The deadlock came despite frantic US efforts to secure a political consensus that hopefully would deliver a massive vote for the charter _ taking the steam out of the Sunni-led insurgency and enabling a withdrawal of US troops to start next year.
Khalilzad met with various negotiators and al-Hassani late Saturday trying to broker wording acceptable to the Sunnis. Khalilzad told CNN’s “Late Edition” that while the Sunnis did not get everything they wanted in the constitution, neither did the other blocs.
“None of the communities are 100 percent happy with the draft,” he said. “A constitution is not a party platform. It’s a common road map.”
Sunni leaders said their people should oppose the charter peacefully by voting “no” in the referendum.

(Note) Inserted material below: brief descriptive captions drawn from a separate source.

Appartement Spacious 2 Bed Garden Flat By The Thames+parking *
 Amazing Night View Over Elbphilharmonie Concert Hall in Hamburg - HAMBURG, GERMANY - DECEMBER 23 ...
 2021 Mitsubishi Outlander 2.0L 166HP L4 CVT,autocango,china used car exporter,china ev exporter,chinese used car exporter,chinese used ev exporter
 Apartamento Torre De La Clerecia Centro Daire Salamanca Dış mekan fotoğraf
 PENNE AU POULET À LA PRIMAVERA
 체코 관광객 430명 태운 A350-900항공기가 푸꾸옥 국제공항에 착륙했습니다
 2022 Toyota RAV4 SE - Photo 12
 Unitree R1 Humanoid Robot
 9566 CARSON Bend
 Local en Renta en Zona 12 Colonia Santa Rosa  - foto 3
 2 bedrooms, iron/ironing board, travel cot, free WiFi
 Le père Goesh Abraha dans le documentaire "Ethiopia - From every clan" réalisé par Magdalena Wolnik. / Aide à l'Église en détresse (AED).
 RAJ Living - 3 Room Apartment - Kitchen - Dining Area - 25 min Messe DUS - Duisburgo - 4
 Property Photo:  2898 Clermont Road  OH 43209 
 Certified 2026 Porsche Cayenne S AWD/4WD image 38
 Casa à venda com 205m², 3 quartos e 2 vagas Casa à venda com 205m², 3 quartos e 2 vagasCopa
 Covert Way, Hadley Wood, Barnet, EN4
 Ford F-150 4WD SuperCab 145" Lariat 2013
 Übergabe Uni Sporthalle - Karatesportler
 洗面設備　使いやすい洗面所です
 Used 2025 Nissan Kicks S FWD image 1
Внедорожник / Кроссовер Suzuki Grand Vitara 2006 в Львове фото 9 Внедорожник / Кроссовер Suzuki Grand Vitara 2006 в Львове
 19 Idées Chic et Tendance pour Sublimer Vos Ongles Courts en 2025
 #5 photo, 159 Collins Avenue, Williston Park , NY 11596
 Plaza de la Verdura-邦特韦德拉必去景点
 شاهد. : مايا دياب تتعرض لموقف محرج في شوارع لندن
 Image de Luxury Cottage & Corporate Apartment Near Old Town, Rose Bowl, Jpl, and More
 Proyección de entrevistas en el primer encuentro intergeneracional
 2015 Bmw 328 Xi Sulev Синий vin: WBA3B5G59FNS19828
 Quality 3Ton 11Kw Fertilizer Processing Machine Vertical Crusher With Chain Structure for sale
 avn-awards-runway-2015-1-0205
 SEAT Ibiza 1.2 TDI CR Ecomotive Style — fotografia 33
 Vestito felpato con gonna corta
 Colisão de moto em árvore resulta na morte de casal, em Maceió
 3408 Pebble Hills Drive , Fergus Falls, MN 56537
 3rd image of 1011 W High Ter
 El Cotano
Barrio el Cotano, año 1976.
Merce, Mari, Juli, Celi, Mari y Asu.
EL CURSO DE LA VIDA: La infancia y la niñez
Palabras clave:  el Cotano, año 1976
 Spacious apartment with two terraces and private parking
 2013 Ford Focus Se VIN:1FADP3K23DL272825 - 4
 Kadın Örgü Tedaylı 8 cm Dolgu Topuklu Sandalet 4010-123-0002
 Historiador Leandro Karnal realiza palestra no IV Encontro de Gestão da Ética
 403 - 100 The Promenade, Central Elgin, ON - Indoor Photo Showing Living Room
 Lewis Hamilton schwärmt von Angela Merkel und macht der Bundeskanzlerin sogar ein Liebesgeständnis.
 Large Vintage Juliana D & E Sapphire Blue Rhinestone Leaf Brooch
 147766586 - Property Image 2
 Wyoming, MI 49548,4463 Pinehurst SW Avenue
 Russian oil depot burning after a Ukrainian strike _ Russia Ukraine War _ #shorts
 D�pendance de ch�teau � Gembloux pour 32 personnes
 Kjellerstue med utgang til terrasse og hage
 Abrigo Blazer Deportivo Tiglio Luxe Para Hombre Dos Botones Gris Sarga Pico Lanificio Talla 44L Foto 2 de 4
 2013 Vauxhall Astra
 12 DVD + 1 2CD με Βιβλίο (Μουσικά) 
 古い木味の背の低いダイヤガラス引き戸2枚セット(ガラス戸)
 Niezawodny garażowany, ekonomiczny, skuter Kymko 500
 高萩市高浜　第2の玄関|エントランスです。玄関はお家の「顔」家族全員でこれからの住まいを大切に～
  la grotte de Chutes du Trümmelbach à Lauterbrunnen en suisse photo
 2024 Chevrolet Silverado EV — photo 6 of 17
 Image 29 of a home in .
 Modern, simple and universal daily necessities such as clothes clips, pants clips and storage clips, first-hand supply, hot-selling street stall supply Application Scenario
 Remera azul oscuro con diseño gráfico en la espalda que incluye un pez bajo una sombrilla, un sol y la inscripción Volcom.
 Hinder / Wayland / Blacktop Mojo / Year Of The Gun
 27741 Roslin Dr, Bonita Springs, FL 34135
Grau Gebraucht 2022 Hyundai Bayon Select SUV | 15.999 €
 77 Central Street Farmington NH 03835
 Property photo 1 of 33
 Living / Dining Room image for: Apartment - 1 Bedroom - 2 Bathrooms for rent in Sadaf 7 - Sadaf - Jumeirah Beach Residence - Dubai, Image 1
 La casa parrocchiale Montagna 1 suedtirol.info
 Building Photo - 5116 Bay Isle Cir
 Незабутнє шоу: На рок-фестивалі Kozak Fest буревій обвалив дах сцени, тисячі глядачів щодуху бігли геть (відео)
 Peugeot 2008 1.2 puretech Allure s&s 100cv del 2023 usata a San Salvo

“The (Sunni) bloc should now convene a general conference to decide how to proceed,” Sadoun Zubaydi said. “Boycotting the referendum and parliamentary elections (in December) would be a lose-lose proposition. Our hope will be in the next parliament that will hopefully be more balanced than this one.”
In other developments:
• A suicide car bomber targeting a US patrol in southeastern Mosul killed three civilians, police said.
• Iraqi police found nine bodies in Mosul’s al Intisar neighborhood. Eight victims were civilians and the other a policeman, authorities said.
• The government’s top Sunni cleric said 36 bodies found three days ago in a dry riverbed near the Iranian border were believed to be Sunni Arabs.
Ahmed Abdul Ghafour al-Samarrai, head of the government’s Sunni Endowments, said the bodies “are believed to be for people from (Baghdad’s northern neighborhood of) Hurriyah and they belong to the Sunni sect.” The cleric did not give further details.
If true, the killings are likely to heighten sectarian tensions. Both Sunnis and Shiites have accused one another of involvement in “death squad” assassinations of members of the rival sect.
All the men were shot in the head, and some were handcuffed. The bodies were discovered near Badrah, southeast of Baghdad.
In the southern city of Kut, authorities said they found the bodies of six people who were handcuffed, blindfolded and tortured.
Associated Press reporters Qassim Abdul-Zahra and Bassem Mroue contributed to this report.
Iraq Sunni Delegates Reject “American” Constitution
BAGHDAD (August 28, 2005) — A Sunni Arab delegate on the committee drafting Iraq’s constitution said all his colleagues on the panel objected to a draft presented to parliament on Sunday and would campaign against it in an October referendum.
“We have not agreed on this constitution. We have objections which are the same as we had from day one,” Hussein al-Falluji told Reuters, saying he was speaking for all Sunni delegates and denying suggestions the group was split.
“If there is no forging of the results, I believe the people will say “No” to the American constitution,” he said, in reference to an expected referendum in October. “This is an American constitution and we will not accept it no matter what,” he said.
Referring to French and Dutch referendums this year that sank a draft constitution for the European Union, he said: “The Iraqi people will be the third after the French and Dutch to say ‘No’ to a constitution.”